Par ailleurs, la Présidence française de l'Union européenne m'a donné l'occasion d'échanger avec mes homologues européens, notamment lors de la réunion informelle à Angers et, plus récemment, au Forum pharmaceutique européen, le 2 octobre. Pour cet événement, j'ai souhaité poser comme thème du déjeuner la contrefaçon des médicaments. Ce débat était essentiel pour défendre notre modèle de circuit sécurisé sur l'ensemble de la chaîne de distribution jusqu'au patient, et c'est pour cette raison que j'ai souhaité le porter au niveau européen.
Ces questions sont trop graves pour être traitées au travers de plaidoiries devant la Cour de Justice : c'est entre Etats membres que nous devons sereinement en débattre. C'est pourquoi j'ai proposé à mes homologues européens d'adresser une lettre commune à la Commission.
Parallèlement, nous poursuivons nos échanges avec les Directions générales Marché intérieur et Santé et protection du consommateur pour faire valoir nos arguments. Mon cabinet a, il y a quelques jours encore, défendu nos valeurs au cours d'une réunion européenne sur l'officine organisée à Bruxelles par cette même DG Marché intérieur.

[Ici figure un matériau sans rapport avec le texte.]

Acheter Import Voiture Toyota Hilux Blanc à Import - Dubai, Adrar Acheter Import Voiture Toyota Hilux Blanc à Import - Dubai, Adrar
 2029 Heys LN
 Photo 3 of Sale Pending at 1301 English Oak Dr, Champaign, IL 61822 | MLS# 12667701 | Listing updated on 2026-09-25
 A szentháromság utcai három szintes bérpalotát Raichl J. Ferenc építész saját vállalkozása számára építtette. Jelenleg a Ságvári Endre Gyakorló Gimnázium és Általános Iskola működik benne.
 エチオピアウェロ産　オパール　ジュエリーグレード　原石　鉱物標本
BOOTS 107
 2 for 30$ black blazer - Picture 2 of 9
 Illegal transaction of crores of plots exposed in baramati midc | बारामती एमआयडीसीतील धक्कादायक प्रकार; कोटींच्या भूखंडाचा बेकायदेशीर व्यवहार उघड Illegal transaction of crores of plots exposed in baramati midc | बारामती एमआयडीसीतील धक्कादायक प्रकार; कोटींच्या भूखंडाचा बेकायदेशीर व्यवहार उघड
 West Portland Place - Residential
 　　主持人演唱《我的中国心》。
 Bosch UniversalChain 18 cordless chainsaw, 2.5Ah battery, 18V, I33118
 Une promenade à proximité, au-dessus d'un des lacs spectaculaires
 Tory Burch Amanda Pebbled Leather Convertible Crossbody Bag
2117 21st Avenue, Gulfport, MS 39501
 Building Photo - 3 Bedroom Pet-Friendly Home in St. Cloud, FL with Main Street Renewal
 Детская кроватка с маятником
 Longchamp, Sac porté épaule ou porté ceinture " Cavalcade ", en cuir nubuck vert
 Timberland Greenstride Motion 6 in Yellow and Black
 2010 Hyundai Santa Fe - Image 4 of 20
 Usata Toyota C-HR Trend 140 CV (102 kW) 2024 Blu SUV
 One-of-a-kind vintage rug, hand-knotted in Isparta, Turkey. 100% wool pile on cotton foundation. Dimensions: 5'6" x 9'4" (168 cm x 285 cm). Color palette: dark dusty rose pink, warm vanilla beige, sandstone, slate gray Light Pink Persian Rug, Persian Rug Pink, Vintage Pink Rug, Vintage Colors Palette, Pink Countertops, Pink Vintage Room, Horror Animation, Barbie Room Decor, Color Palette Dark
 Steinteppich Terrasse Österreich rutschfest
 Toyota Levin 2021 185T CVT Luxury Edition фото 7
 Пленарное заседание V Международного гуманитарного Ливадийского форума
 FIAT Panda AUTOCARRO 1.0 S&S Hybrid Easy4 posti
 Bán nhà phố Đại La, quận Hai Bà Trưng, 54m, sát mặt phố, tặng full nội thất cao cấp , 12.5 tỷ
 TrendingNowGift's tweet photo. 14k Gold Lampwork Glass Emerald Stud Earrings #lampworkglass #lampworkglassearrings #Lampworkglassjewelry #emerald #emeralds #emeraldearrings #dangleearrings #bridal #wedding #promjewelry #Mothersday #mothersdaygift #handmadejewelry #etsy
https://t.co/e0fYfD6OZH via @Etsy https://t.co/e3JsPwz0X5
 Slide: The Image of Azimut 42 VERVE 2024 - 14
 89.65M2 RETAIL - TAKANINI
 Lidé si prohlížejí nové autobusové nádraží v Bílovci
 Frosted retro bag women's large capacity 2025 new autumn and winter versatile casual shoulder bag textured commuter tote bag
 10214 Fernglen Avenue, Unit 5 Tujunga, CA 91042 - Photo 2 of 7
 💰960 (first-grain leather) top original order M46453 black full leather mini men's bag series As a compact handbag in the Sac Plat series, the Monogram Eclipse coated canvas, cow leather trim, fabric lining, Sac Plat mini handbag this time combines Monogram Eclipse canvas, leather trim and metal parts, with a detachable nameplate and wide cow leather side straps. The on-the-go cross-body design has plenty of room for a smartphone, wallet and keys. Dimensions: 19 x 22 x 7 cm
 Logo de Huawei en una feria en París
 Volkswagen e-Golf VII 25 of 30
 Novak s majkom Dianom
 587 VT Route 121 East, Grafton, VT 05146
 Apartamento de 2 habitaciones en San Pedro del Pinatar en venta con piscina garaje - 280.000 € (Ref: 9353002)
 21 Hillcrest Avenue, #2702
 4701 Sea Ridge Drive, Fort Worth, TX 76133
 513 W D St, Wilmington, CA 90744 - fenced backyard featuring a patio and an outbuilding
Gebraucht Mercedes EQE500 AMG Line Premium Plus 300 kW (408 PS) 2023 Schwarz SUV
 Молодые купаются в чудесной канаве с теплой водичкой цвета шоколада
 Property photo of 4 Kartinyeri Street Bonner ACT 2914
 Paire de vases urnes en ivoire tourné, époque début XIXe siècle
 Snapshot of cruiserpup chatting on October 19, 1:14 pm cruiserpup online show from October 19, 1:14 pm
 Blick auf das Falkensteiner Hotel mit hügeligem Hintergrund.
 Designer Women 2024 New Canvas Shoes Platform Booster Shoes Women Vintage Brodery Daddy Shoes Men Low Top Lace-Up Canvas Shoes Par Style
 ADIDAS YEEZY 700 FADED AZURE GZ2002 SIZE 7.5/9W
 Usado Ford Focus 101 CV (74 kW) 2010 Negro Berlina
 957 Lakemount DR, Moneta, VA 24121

La cohérence de mon action, tout entière orientée vers la préservation et l'adaptation d'un service pharmaceutique de qualité, performant et au juste prix, témoigne de mon engagement à vos côtés.
Elle est la preuve que nous devons poursuivre, ensemble, les réflexions sur la pharmacie de demain.
Votre profession tirera les bénéfices de cette collaboration.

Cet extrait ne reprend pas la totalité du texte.